Work to be completed.
Copy out the line that contains "Here, polls are" and the lines after it through the final one in the entries below, exactly, with no other lines.
──────── Data extract ────────
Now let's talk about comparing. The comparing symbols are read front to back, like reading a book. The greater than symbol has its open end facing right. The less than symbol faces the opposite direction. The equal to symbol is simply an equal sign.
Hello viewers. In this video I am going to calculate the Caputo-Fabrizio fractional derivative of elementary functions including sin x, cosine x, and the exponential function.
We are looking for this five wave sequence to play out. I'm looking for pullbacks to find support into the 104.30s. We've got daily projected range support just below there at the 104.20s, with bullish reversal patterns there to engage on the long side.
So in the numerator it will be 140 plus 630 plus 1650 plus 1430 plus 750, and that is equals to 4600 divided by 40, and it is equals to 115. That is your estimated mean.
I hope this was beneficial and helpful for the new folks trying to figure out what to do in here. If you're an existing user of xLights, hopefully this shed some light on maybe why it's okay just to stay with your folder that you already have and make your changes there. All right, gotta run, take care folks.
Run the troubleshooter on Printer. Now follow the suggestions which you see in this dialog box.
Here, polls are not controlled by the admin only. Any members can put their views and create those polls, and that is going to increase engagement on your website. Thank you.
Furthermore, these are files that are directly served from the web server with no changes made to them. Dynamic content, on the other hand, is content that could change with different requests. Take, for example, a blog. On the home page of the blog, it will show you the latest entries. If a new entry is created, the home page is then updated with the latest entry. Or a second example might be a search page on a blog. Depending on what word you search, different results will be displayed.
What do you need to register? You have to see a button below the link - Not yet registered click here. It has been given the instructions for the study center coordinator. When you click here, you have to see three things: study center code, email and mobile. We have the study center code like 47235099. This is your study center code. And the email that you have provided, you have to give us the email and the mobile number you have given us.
────────
Response area.
Here, polls are not controlled by the admin only. Any members can put their views and create those polls, and that is going to increase engagement on your website. Thank you.
Furthermore, these are files that are directly served from the web server with no changes made to them. Dynamic content, on the other hand, is content that could change with different requests. Take, for example, a blog. On the home page of the blog, it will show you the latest entries. If a new entry is created, the home page is then updated with the latest entry. Or a second example might be a search page on a blog. Depending on what word you search, different results will be displayed.
What do you need to register? You have to see a button below the link - Not yet registered click here. It has been given the instructions for the study center coordinator. When you click here, you have to see three things: study center code, email and mobile. We have the study center code like 47235099. This is your study center code. And the email that you have provided, you have to give us the email and the mobile number you have given us.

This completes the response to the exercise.